Re: Internationalized CLASS attributes
Keld Simonsen wrote:
>Martin J Duerst writes:
>> Keld Simonsen wrote:
>> >Martin J Duerst writes:
>> Does it say explicitly that an application is forbidden to
>> treat the two representations as equivalent, or to normalize
>> to one or the other? Or does it say that a system is forbidden
>> (on level 3) to use the sequence of LATIN CAPITAL LETTER A and
>> COMBINING GRAVE ACCENT? If yes, can you tell me in which chapter
>> (please no page numbers, I only have a Japanese translation)
>> it says so?
>No 10646 does not forbid that. But it is not defined in 10646, and you
>can do it in an application. Byt why not just do as the standard
>prescribes to encode a character, when you mean that character.
>Then you are following international standards.
Well, somebody may encode A-with-GRAVE, because (s)he sees it as
a single character, and it appears as such on the keyboard.
And somebody else may encode A followed by GRAVE, because
the GRAVE is on a separate key, and e.g. as a tone can go on
any vowel (of course, what the user enters and what the system
does may well be two different things). And strictly by ISO 10646,
these might be two different things. ISO 10646 does no prescribe
that an A followed by a combining GRAVE is illegal, or should not
be used, just because A-with-GRAVE exists as a separate codepoint.

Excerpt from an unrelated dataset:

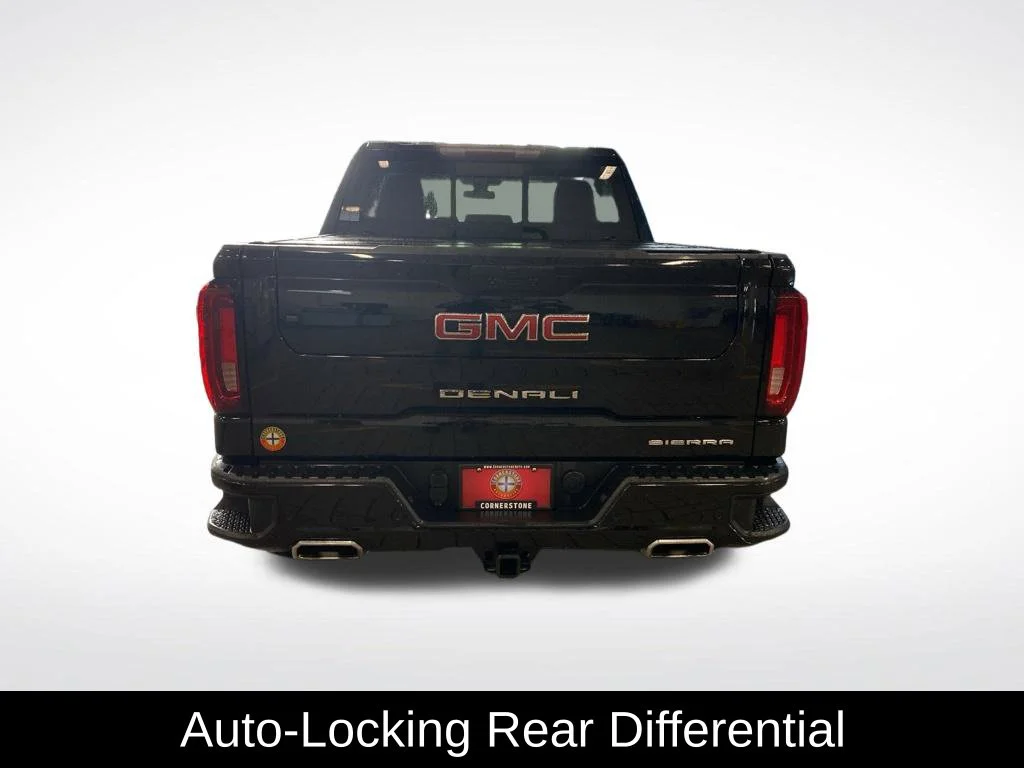 Used 2022 Black GMC Denali image 21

And whether a user means "that character" or is more familliar to
think about it as two different things is important for the local
user interface, but as both of these things appear (or should appear)

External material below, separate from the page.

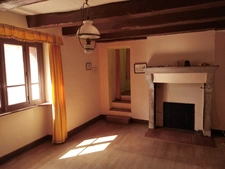 Maison de village à rénover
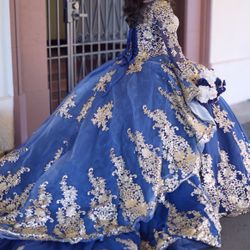 Quinceanera Dress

in the same way on the screen, even if ISO 10646 does not specify
any equivalence, it makes sense to specify equivalences on the
>Well, if you have a 10646 character there is only one way
>to encode it. There is no decomposition in 10646.
A user does not have or see ISO 10646 characters. A user
sees and deals with things on the screen and on paper.
ISO 10646 characters are abstract entities, and we have
to make sure, where possible, that the application takes
provisions to reconcile these abstract entities with the
expectations of the user if the expectations of the user
>> For the above example, immagine a tonal language such as
>> Chinese. For many applications, it may be more convenient
>> to be able to detach tone accents by removing characters
>> than to do conversions from one codepoint to another.
>Could it not just as conveniently be handled with the ordinary
>characters of 10646?
Combining characters are 10646 characters too, and indispensable
for some languages. Calling everything else "ordinary" is not
very friendly to these languages.
Also, in some cases, no precombined characters are available,
so "just handling it with 'ordinary'" characters is not possible.